_What needs to be done:_ For the listing below, the answer is an exact retyping of the lines from the one with "Arabische Stallion in" through the one with "Adesivo Redondo Merry", both included, without pictures.

_Recorded information:_
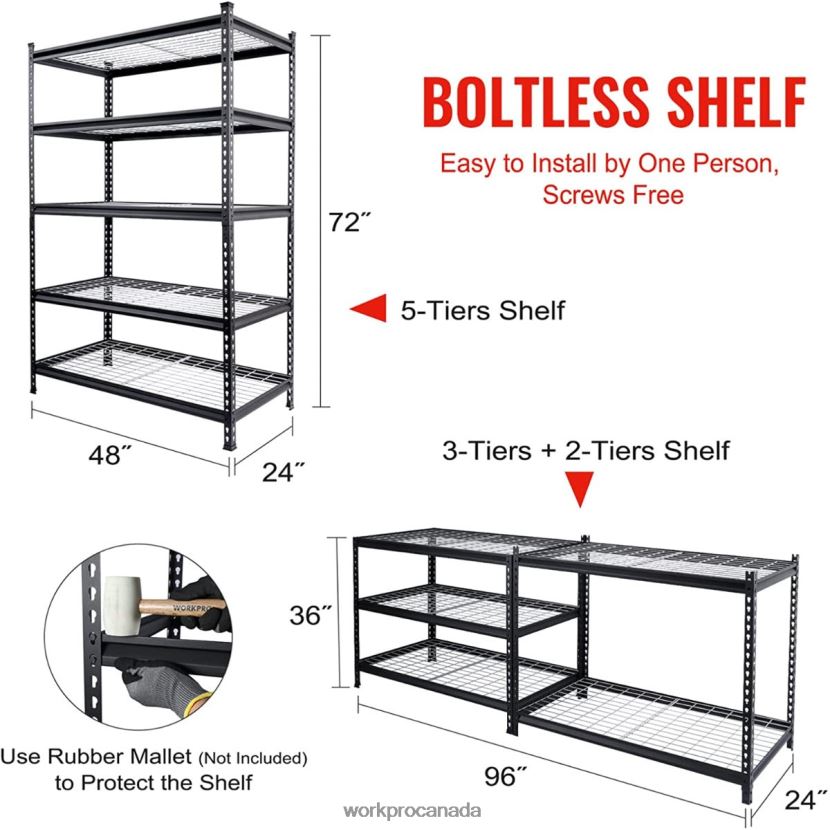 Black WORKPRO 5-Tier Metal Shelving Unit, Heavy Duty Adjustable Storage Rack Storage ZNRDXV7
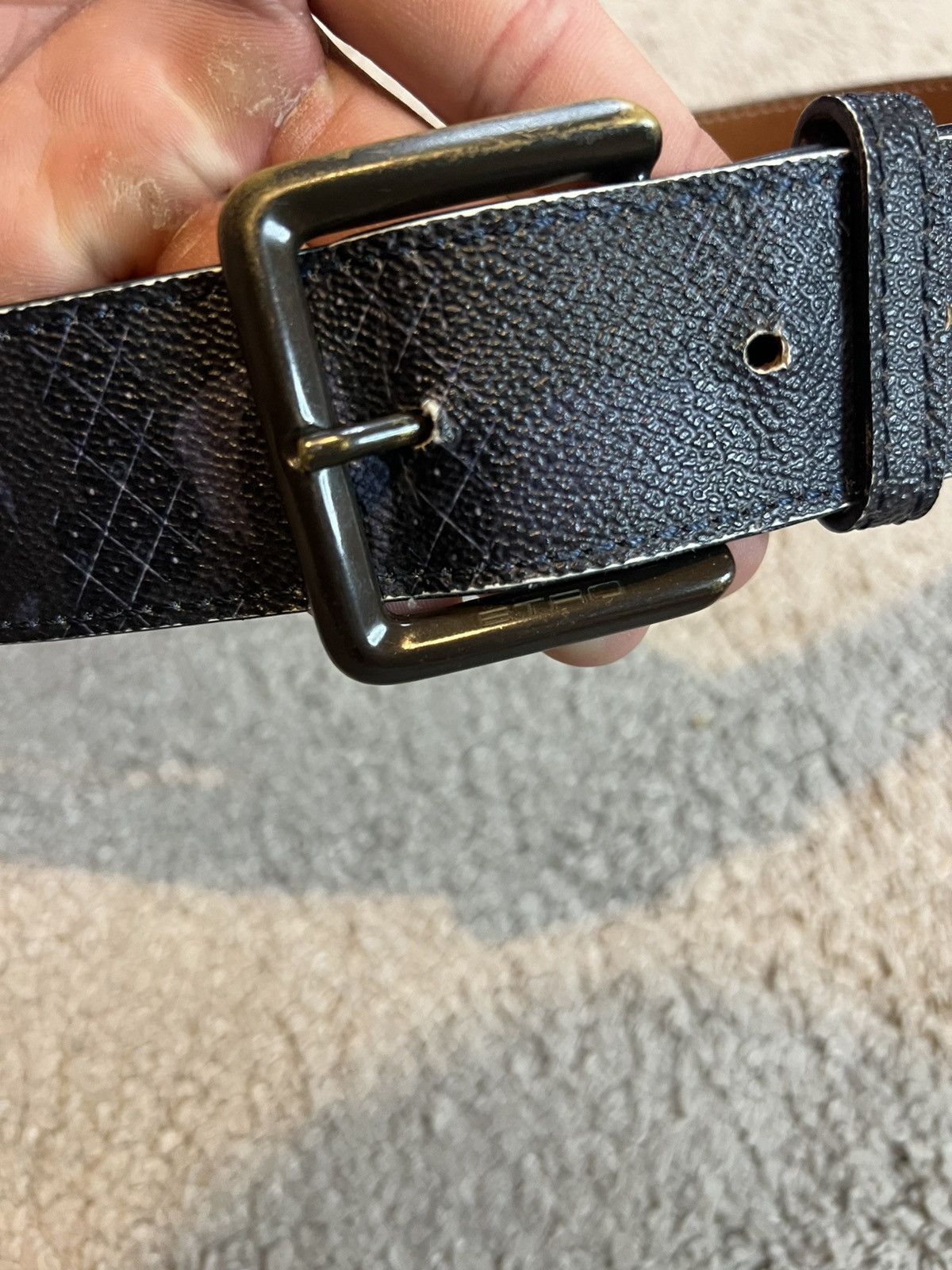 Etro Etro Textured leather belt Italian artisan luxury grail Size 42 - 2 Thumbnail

* * *

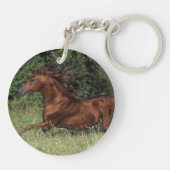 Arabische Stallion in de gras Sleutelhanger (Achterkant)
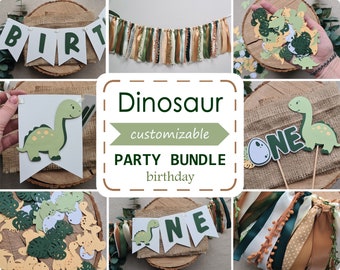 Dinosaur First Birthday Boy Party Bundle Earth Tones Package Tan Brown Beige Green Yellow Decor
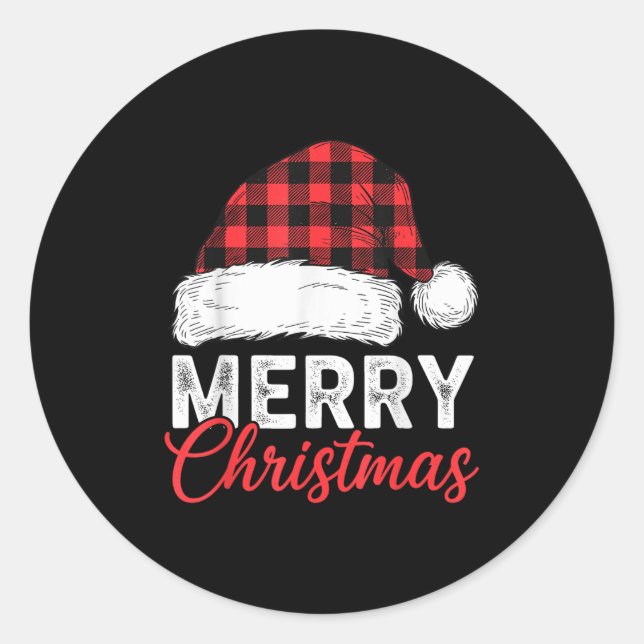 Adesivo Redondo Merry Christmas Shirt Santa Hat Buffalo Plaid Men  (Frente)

_Expected output:_
 Arabische Stallion in de gras Sleutelhanger (Achterkant)
 Dinosaur First Birthday Boy Party Bundle Earth Tones Package Tan Brown Beige Green Yellow Decor
 Adesivo Redondo Merry Christmas Shirt Santa Hat Buffalo Plaid Men  (Frente)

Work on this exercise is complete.